KAMPALA - Les 417 condamnés à mort que compte l'Ouganda ont contesté mercredi devant la Cour constitutionnelle "la légalité et la constitutionnalité" de cette sentence, qu'ils dénoncent comme étant "cruelle, inhumaine et dégradante".
Cinq d'entre eux représentaient l'ensemble des plaignants dans cette audience "sans précédent en Ouganda ou sur le continent africain", selon les propos de leur avocat, Me John Katende. Les 412 autres étaient restés entre les murs de la prison de haute sécurité de Luriza.
"C'est la première fois que la totalité des prisonniers du couloir de la mort portent plainte ensemble", a souligné Me Katende, en énumérant une liste de pays africains qui ont supprimé la peine de mort ou ont entrepris le processus de suppression.
L'avocat du gouvernement, Me Benjamin Bagambe, a réclamé le maintien de la peine capitale, en arguant de son caractère "dissuasif".

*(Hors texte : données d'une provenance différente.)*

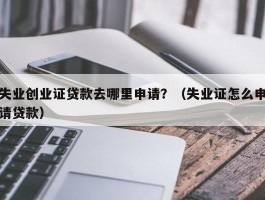 失业创业证贷款去哪里申请？（失业证怎么申请贷款）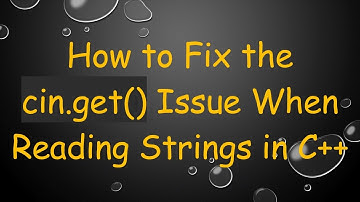 How to Fix the cin.get() Issue When Reading Strings in C+ +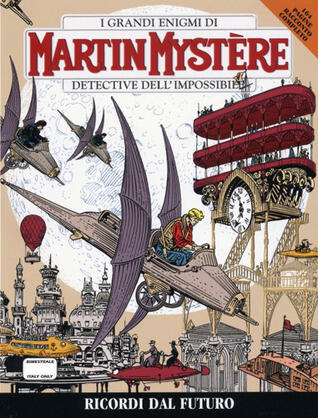 Martin Mystère n. 294: Ricordi dal futuro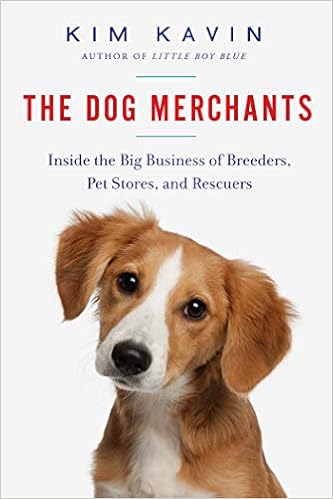Buy The Dog Merchants Inside The Big Business Of Breeders Pet Stores And Rescuers Book Online At Low Prices In India The Dog Merchants Inside The Big Business Of Breeders Pet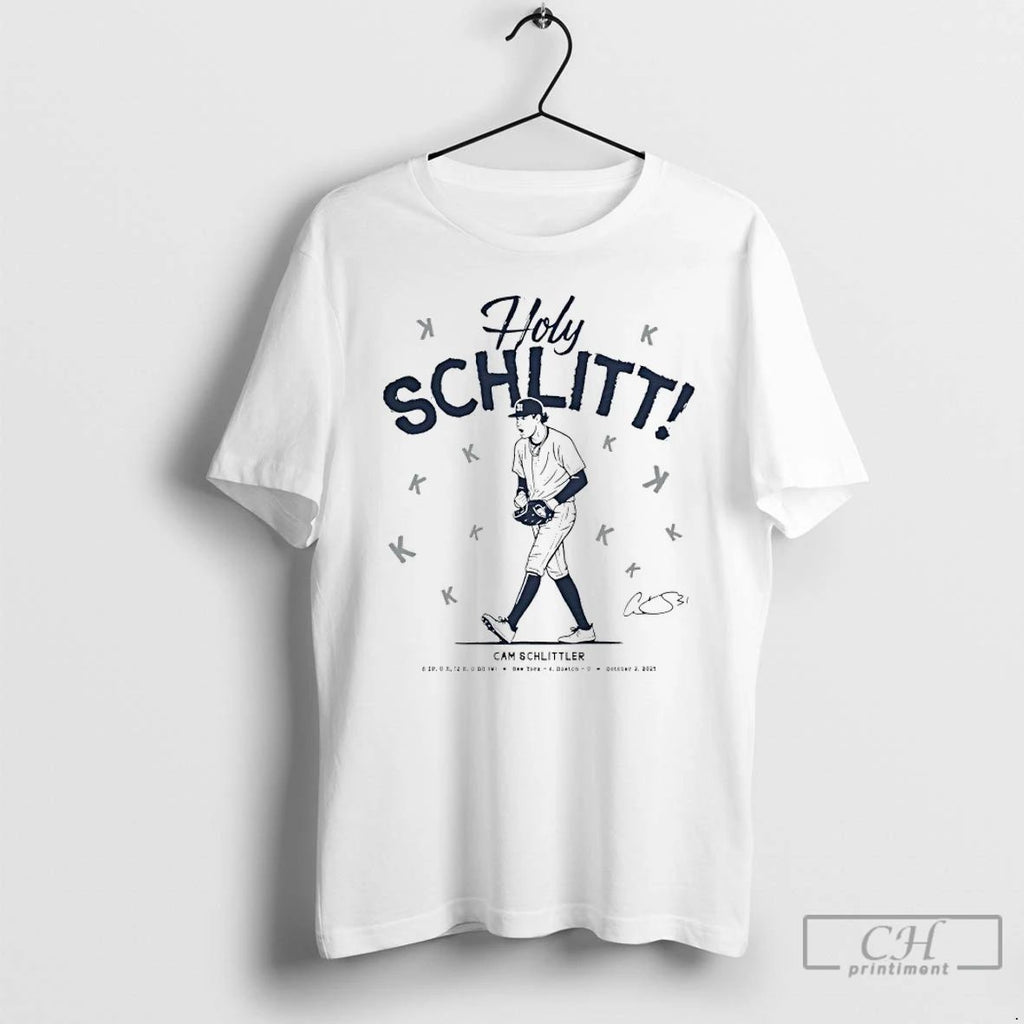 Classic Holy Schlitt K Cam Schlittler New York Yankees Signature T Shirts Hoodie Longsleeve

Les 417 condamnés à mort avaient porté plainte devant la Cour en septembre 2003, en demandant à la justice de déclarer la peine de mort "anticonstitutionnelle", et, en conséquence, de la faire supprimer du Code pénal.
La peine de mort constitue "une torture, une forme de punition cruelle, inhumaine et dégradante", et qui plus est "interdite par la Constitution ougandaise", ont écrit les condamnés dans leur plainte.
Leur démarche avait été organisée par une association locale, la Fondation pour une initiative en faveur des droits de l'homme (Foundation for Human Rights Initiative, FHRI).
"Nous représentons tous les Ougandais qui pensent que l'on doit être responsable de ses erreurs", a répondu Me Bagambe à l'audience.
La requête en abolition de la peine de mort est "impopulaire", a-t-il ajouté, citant des sondages gouvernementaux, selon lesquels 57,5% de la population est opposée à la suppression du châtiment suprême.
"La plainte signée par 417 prisonniers condamnés à mort cherche à établir si la peine capitale est constitutionnelle, si elle est une punition légale, et si elle est autorisée par la Constitution", a déclaré Me Katende.
Les cinq représentants des condamnés à mort ont pleuré quand leur avocat a décrit les détails du déroulement d'une pendaison, devant une salle remplie par les familles des condamnés et des militants des droits de l'Homme.
Les autorités carcérales elles-mêmes soutiennent la démarche des condamnés à mort, comme en atteste une déclaration sous serment au tribunal par le directeur national de l'administration pénitentiaire, Joseph Etima.
En février 2003, le Département national des prisons avait proposé l'abolition de la peine de mort, expliquant qu'elle "traumatise" les gardiens, et demandant son remplacement par la prison à perpétuité.
Trois cent soixante-dix-sept condamnés à mort, dont une femme, ont été pendus en Ouganda depuis 1938, selon les archives de l'administration pénitentiaire nationale.
Cinquante et un d'entre eux ont été pendus depuis l'arrivée au pouvoir du président Yoweri Museveni en janvier 1986. Les dernières exécutions datent de 1999, lors de la pendaison de vingt-huit condamnés le même jour.
Soixante et onze condamnés par les tribunaux avaient été pendus pendant la dictature d'Idi Amin Dada, entre 1971 et 1979, toujours selon ces archives. Mais les exécutions sommaires se compteraient par milliers pendant cette période.